Even if you still feel that anxiety feeling, let it be but follow your plan. Its like an intimating boss standing beside your shoulder. Keep doing what you have to do as if it was never their.

*Strengths*: Know your strengths, what are you good at or what qualities that sets you apart from others. Try to figure this out because this will help you out to put those things in the open to expand yourself but to also acquire new strengths. My strength is optimism, even when things go wrong I know something will come for the better. I'm able to see the tree from a long horizon that seems so far away. So in away its very important knowing this because it is sort of like a crutch.

Well, hoping this helps or gives some ideas to those who are still struggling with this. If you have any questions, I'll be happy to answer them. Much love <3.


----------



## panzimar (Oct 4, 2011)

That's excellent! Congrats!
This is a great list. I'm working through all of these things myself. Everything but the job one, I'm still working up the nerve for that one!
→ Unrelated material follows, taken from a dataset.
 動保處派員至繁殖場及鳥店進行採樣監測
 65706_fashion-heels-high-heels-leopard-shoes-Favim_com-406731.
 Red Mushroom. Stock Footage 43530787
I really think it would immerse me in social situations, and I need that constant interaction, because right now I'm doing it of my own volition which means a lot of dead ends.

 Thank you for sharing, I hope you're living a much more fullfilled life now


----------



## InMyDreams55 (Apr 1, 2011)

Thanks for sharing!


----------



## velvet1 (Aug 11, 2010)

panzimar said:


> That's excellent! Congrats!
> This is a great list. I'm working through all of these things myself. Everything but the job one, I'm still working up the nerve for that one! I really think it would immerse me in social situations, and I need that constant interaction, because right now I'm doing it of my own volition which means a lot of dead ends.
> 
> Thank you for sharing, I hope you're living a much more fullfilled life now


The job one is a tough one I must say, but if you keep going I'm sure you'll find one eventually. I know because I still have trouble with interviews sometimes, it all depends. Sometimes I'm able to connect with the interviewer and other times it falls flat. Its true a job just put you out in the open, so it gets you out of your comfort zone. The more you repeat it, the more it becomes like second nature.

No problem, it is in a way just making me open up more and become more independent little by little. When I look back and seen where I'm now I can finally say I'm more confident in heading forward with my life.

Don't give up, keep going even if it seems like there might be a dead end they're always solutions.


----------



## JamesC (Feb 28, 2012)

Nice one well done!!


----------